Quel disagio alimentato dal lockdown

E così finalmente incominciamo ad accorgerci di un disagio giovanile profondo.

Quel disagio alimentato dal lockdown

Un gran brutto risveglio. Era inevitabile tutta la nostra attenzione prima sul covid, poi sulla guerra: la pandemia fortunatamente ci sta lasciando; alla guerra drammaticamente ci stiamo abituando. E così finalmente incominciamo ad accorgerci di un disagio giovanile profondo. Ragazze violentate a Milano durante la festa di capodanno, altre aggredite qualche giorno prima sul treno Milano-Varese, adesso alcune, ancora, molestate a Peschiera del Garda. Tutto questo non è la punta di un iceberg ma evidenze di una realtà diffusa tra ragazzi che non riescono a trovare forme di relazione rispettose della vita degli altri.

Due anni di reclusione provocata dalla pandemia hanno lasciato a tutti un segno profondo, ma ai ragazzi sono stati sottratti due anni di quella formazione che si costruisce attraverso la complessità del contesto sociale in cui si elabora l'identità relazionale.

E ora ci accorgiamo che questi nostri figli, cresciuti per tanti mesi nel chiuso delle pareti domestiche, si trovano gettati nel mondo con una fragilità non solo psicologica, ma anche fisica, come delle piante che all'improvviso dal buio passano alla luce del sole. E l'abbaglio li acceca. Per rivedere la luce, dovrebbero essere aiutati dai loro genitori e dai loro insegnanti. Padri e madri sono anch'essi usciti malconci da questi due anni, e, pur con tutta la buona volontà, l'educazione dei figli sfugge loro di mano. La scuola da troppi anni è una malata cronica, e la politica ha la grave colpa di non saperla curare. Così abbiamo insegnanti emozionanti per la loro dedizione che lavorano fianco a fianco di colleghi incapaci. Difficile trovare nella scuola un sostegno formativo per i ragazzi.

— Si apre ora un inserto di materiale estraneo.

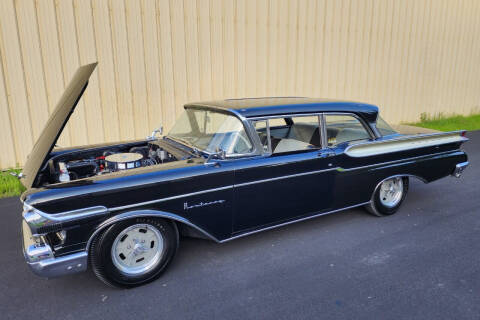 1957 Mercury Monterey for sale at MILFORD AUTO SALES INC in Hopedale MA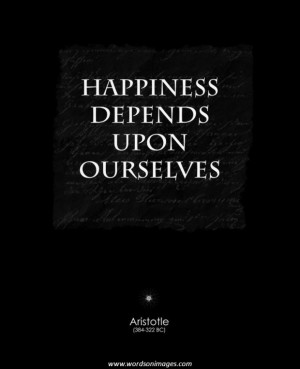 Famous quotes on happiness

E sciaguratamente questi giovani non hanno più neppure un linguaggio comune, quello che non molti anni fa era dato dagli stessi film che vedevano, dalle stesse canzoni che ascoltavano, dalle stesse trasmissioni televisive di approfondimento che guardavano. Modelli di riferimento comunicativi collettivi che consentivano a loro riflessioni e scelte consapevoli di orientamenti diversi.

I social hanno disintegrato questo linguaggio collettivo, e ai ragazzi più fragili, senza il sostegno della famiglia e della scuola, resta una dolorosa solitudine che troppo spesso, ormai, pensano di superare con la violenza.